Within AI, the press subjects vary. Lately, I’ve seen nothing about problems with ever-larger data feeds, and while a general backlash reaction to AI is gaining strength and attention, little specific has been out lately about its previous hot topic, data centers. Even rundowns on specific AI achievements and its huge philosophical issues have been relatively scant.
The oldest here
was “Time to ditch AI anxiety – experts say there’s a lot less to fear than we
think” (Simon Constable, Fox Business, April 11th). As you will see, not all agreed with this
thesis. Constable started with
acknowledging the amount of change, and concomitant tension, AI has wrought,
and with “data from Challenger, Gray and Christmas” saying that “AI was
directly involved in firing 54,000 people during 2025” (though that is hardly a
huge number), moved to saying that “last year, approximately 280,000 new jobs in
Gen-AI were created for people, according to Electro IQ Job Creation Stats,”

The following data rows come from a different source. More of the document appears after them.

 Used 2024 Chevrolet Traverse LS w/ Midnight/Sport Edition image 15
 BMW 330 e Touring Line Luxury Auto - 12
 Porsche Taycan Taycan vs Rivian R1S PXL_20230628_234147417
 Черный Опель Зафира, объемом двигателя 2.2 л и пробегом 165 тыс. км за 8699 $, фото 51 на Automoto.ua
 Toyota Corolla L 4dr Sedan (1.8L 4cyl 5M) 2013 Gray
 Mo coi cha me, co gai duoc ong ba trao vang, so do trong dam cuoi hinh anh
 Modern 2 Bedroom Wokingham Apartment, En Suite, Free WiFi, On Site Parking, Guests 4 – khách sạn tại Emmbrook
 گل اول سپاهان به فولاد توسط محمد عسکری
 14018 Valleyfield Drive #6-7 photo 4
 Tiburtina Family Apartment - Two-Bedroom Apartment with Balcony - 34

that the “28.3% of the working-age population” that “used generative artificial
intelligence” had become more productive, and that, ultimately, “creativity
comes to life because people working with AI need to do the thinking.” A short but clear argument.
As a solution
to positions disappearing, “The AI revolution threatens office jobs, but
revives demand for skilled trades” (James Altmire and Riley Burr, Fox News,
April 12th). This is clearly
happening, especially among younger career-choosers, who are also rightfully
attracted to earlier paychecks, remarkably high compensation, modern-day work
conditions, and, with all of that, higher prestige. The subtitle “trade careers requiring manual
dexterity, problem-solving and emotional intelligence remain beyond AI’s reach”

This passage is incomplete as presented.